Jean-Marie Straub & Cornelia Geiser: 'Corneille-Brecht ou Rome, l’unique objet de mon ressentiment'
In leaps of physical color, Cornelia Geiser recites verses from Pierre Corneille’s plays Horace and Othon, followed by extended excerpts from Bertolt Brecht’s 1939 radio play The Trial of Lucullus, in which a Roman General is summoned to the netherworld to stand trial for the crimes and sufferings he has inflicted on commoners and slaves.

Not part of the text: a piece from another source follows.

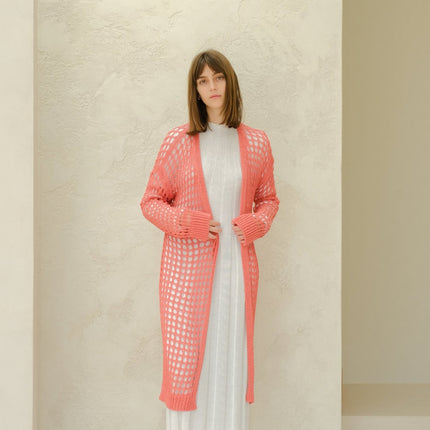 Fine Cotton Crochet Maxi Cardigan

Across centuries of Western civilization, Straub and Geiser bridge these texts of different epochs and – in a single corner of a small Parisian apartment – confront the barbarous rulers of ancient Rome, the kings of 17th-century France, the fascists of Europe in the 1930s and 1940s, and, by implication, those in power today. By looking back at these texts from his small Parisian apartment in 2009, Straub unveils their intertextual meanings and makes them resonate with the present.

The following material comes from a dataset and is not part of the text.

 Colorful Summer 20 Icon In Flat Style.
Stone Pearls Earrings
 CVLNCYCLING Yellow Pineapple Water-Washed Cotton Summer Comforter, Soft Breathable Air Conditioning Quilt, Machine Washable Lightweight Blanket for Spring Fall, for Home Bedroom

“Maybe it’s not even a movie,” Straub wondered aloud during a post-screening talk on Corneille-Brecht. Indeed this movie is ‘just’ a woman, Cornelia Geiser, reading a text frontally to the camera in the same corner of Straub’s Parisian apartment (once Danièle Huillet’s mother’s). But the words and their drama and intonation invoke massive friezes, ultimate judgments, conflagrations, the ‘collective hate’ of Rome, “l’unique objet de mon ressentiment” (“the sole object of my resentment”, Corneille), and then goes down even deeper (with a Brecht radio play), down to a Hades where a trial for war crimes is taking place against an imperialist, perhaps the same imperialist, perhaps any imperialist. It would be foolish to call this picture minimalist, for even if its sound were turned off one could be fascinated by the changes of color in wardrobe and sunlight, here effected by jump cuts – yet another cinematographic vein Straub has tapped for both sudden and gradual excitation. Fascination, magic, and belief are part of Straub-Huillet’s cinema too, occurring amid their total opposite – analysis, critical faculty and errant thought –and back again. (Andy Rector)
- We present the new copy from the original MiniDV source material.
- The film exists in three versions – A, B and C. We present version C, the only one with English subtitles (made by Misha Donat and Straub).